The dictionary tells us to revenge is to exact punishment or expiation for a wrong on behalf of someone or self, especially in a resentful or vindictive spirit.
In genuine democracies, vanquishing a bitter political opponent at the polls is sweet enough revenge for many a politician. However, in some cases such as what happened in the US in 2016, emerging victorious and being sworn in as President over Hillary Clinton was not sweet enough revenge for Donald Trump.
The President to this day still dreams of literally locking Hillary in jail to be satisfied that he has finally defeated her.
It’s uncouth machination but not unlike what one would expect from one William Ruto — or at least some of his brut loyalists — were he to somehow become the next President.
In the unlikely event Ruto becomes President — against all these odds against him — the Bible-toting man from Sugoi will promptly ignore the book of Leviticus 19:18, in which Christians are counselled not to seek revenge or bear a grudge against anyone.
Instead, it seems the Fifth Kenyan President and his henchmen would make sure his real and perceived political enemies pay hapa duniani [pay here on earth].
We have seen tale-tell signs of this already. Most recently was Ruto’s reaction to a scathing rejoinder from ODM following his television interview on Citizen TV to offer what ODM secretary general Edwin Sifuna termed as falsehoods.

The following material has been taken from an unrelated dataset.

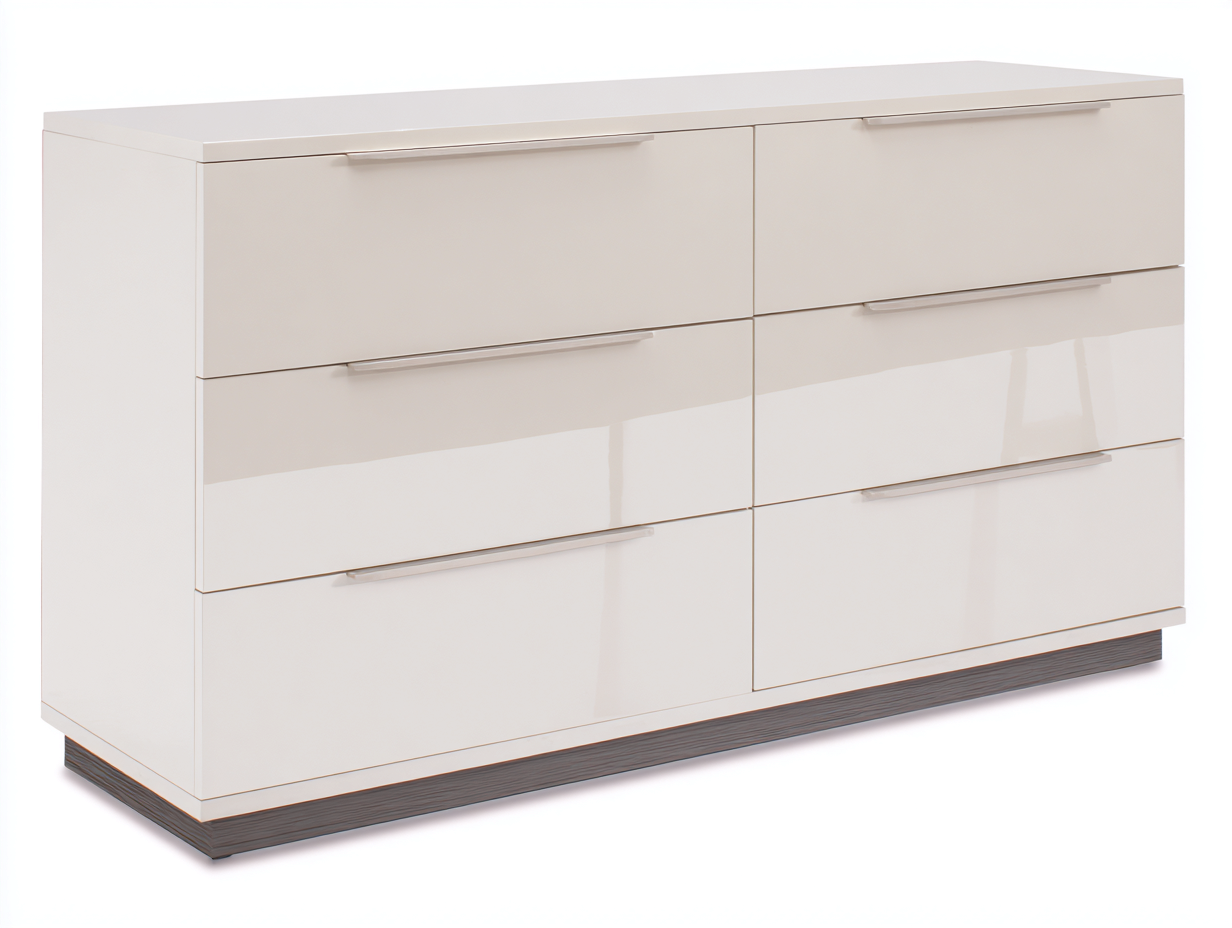 Kommode mit Schubladen Holz 160x45x85 cm - Weiß-Dunkelbraun - 6 Schubladen im modernen Design-Ninorodwell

Through spokesperson David Mugonyi, Ruto said, "The incoherent, rabid juvenile rant by Sifuna is so ridiculously uneducated, spectacularly unhinged, desperately delusional that out of compassion, it must be forgiven and ignored."

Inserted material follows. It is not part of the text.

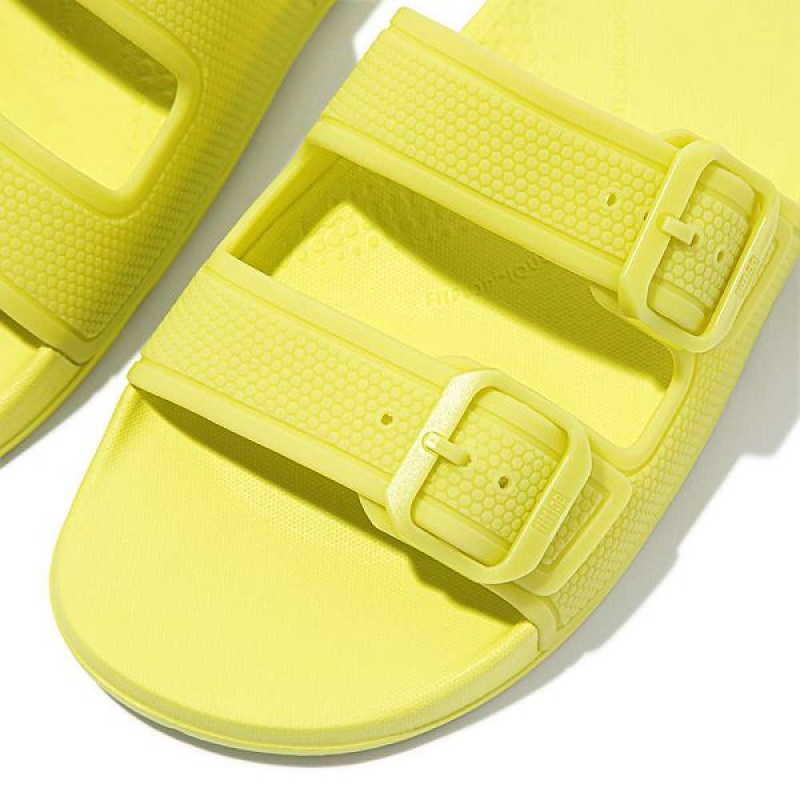 FitFlop Iqushion Glow In The Dark Two Bar Buckle Women's Slides Light Green | 460LTFDIJ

Except it was not ignored, neither is it forgotten, let alone forgiven.
What’s of note here, however, is not the insults which are mild going by the bile we’ve become accustomed from certain politicians; rather, it is the very fact Ruto found it necessary to have his spokesman hurl the insults.
Not that Ruto is incapable of hurling the same insults himself or worse. He is, and we have had a good doze of it publicly and will continue to the day the question of his occupying State House is settled, if not beyond.

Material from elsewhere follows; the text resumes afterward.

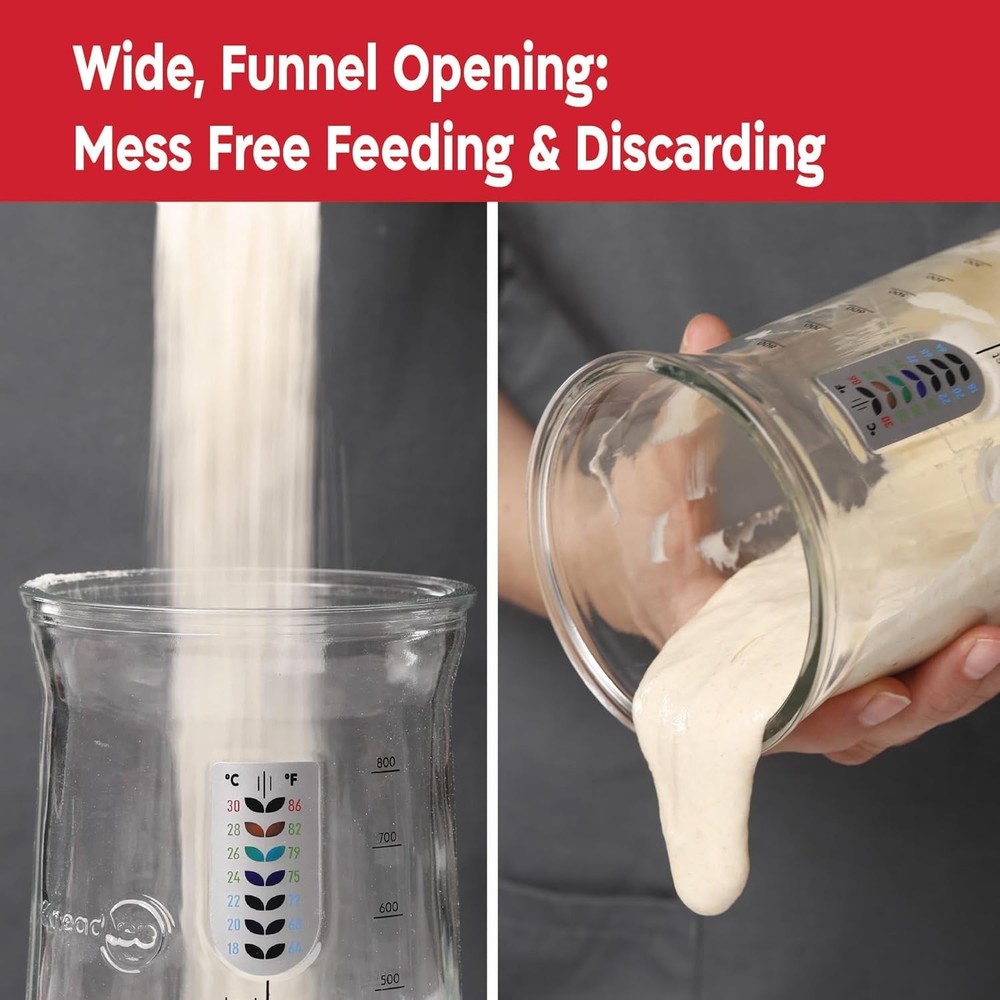 Ultimate Sourdough Starter Kit - Large Capacity Jar & Feeding Tracker Included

Meanwhile, the question to ponder is, would a man who has his spokesman hurl insults at an opposition party secretary general in response to what he perceives as wrongs be above using the full powers of the Office of the President and Commander-in-Chief to punish his political opponents and perceived or real enemies?
The answer is a resounding No.
That being the case, President Uhuru Kenyatta owes those in the “Kieleweke Team (the anti-Ruto brigade within the ruling party) and the opposition the favour of a political survival insurance plan in the event Ruto overcomes both the popular vote and benevolent vifaranga vya komputa to become President.
That insurance Plan must include in the least purging of the most hardcore Ruto allies in key government positions and replacing them with at least those who would not take the hammer and start hammering on orders of Ruto, were he to become president.
Such a purge and replacement would also serve a parallel national interest and that is, to make sure were Ruto to take over power, he would not become the dictatorial, no-compromise my way or the highway president many fear he would be.
Were such an insurance policy put in place and effectively and strategically deployed, then it wouldn’t matter who becomes president for in the worst scenario, it would be one too hamstrung to be effective against a “deep state,” meaning anti-Ruto and pro-handshake loyalists deeply entrenched in key parts of the government.
In other words, a tamed Ruto presidency would be preferable than one where the man is left free reign to do as he pleases.